Now, the register article is so wimpy (as usual) that there's no actual information about what technologies are used, but maybe it's a variation on one of the above.
From here:
Researchers in the parallel processing community have been using Amdahl's Law and Gustafson's Law to obtain estimated speedups as measures of parallel program potential. In 1967, Amdahl's Law was used as an argument against massively parallel processing. Since 1988 Gustafson's Law has been used to justify massively parallel processing (MPP). Interestingly, a careful analysis reveals that these two laws are in fact identical. The well publicized arguments were resulted from misunderstandings of the nature of both laws.
This paper establishes the mathematical equivalence between Amdahl's Law and Gustafson's Law. We also focus on an often neglected prerequisite to applying the Amdahl's Law: the serial and parallel programs must compute the same total number of steps for the same input. There is a class of commonly used algorithms for which this prerequisite is hard to satisfy. For these algorithms, the law can be abused. A simple rule is provided to identify these algorithms.
We conclude that the use of the "serial percentage" concept in parallel performance evaluation is misleading. It has caused nearly three decades of confusion in the parallel processing community. This confusion disappears when processing times are used in the formulations. Therefore, we suggest that time-based formulations would be the most appropriate for parallel performance evaluation.
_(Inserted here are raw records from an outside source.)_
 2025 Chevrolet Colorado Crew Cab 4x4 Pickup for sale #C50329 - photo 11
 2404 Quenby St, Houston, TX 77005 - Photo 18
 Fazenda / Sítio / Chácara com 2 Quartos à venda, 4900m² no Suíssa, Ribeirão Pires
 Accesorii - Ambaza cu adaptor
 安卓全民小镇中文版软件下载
We have always been at war with hyperthreading!
This was proposed in acadamia over 10 years ago. Its called speculative multithreading, or "multiscalar" as coined by one of the primary inventors at the University of Wisconsin (Guri Sohi).
Basically the processor will try to split a program into multiple threads of execution, but make it appear as a single thread. For example, when calling a function, execute that function on a different thread and automatically shuttle dependent data back/forth between the callee and the caller.
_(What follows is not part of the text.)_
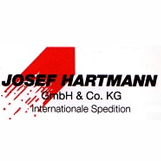 Josef Hartmann GmbH & Co. KG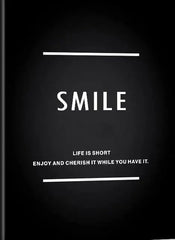 Granite Paperweight Crystal House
It might be interesting if they took this idea in a slightly different direction. Set it up so the OS detects two CPUs. But, when the OS fails to utilize both CPUs effectively, allow the idle CPU to take some of the active CPU's load. I'm taking this idea from nVidia working on load balancing between graphics and physics in a SLI setup. So in this case the OS gets the best of both worlds, the ability to break tasks off to each CPU and a free boost when it's stuck with a single cpu-limited thread.
Striping: What is that? Raid 1? Raid 0? You take multiple disks, present them as one, and let the controller make the most effecient use of them while the OS and all the programs just have to deal with one big disk.
Looks like the same thing. You take multiple CPU's present them as one, and let the controller figure out how to best use them.
This could make for hot-swappable CPUs (heh) and the ability to have a CPU die without taking out your system. The redundacy nature of the other RAID configurations don't seem to translate very easily, but the 'encapsilation' concept seems to fit nicely.
--Welcome to the Realm of the Hawke--
The purpose of "good dispatching" (i.e. out-of-order execution) is to hide the latencies of misses to main memory (it takes between 200 and 400 cycles these days to get something from memory, assuming that the memory bus isn't saturated), by executing instructions following the miss but not dependent on it. Out-of-order execution has been around Pentium Pro, btw.
The Raven
But, with two cores, you could have a way to predict "branch" and "not branch" at every prediction spot. The core that gets it right sends the registers to the other core so they can continue as if every branch were predicted correctly...
That would only work if you had a nice fast way to copy registers accross in a very small number of clock cycles... so again, just a bunch of speculation. But it was a neat enough idea I had to say it.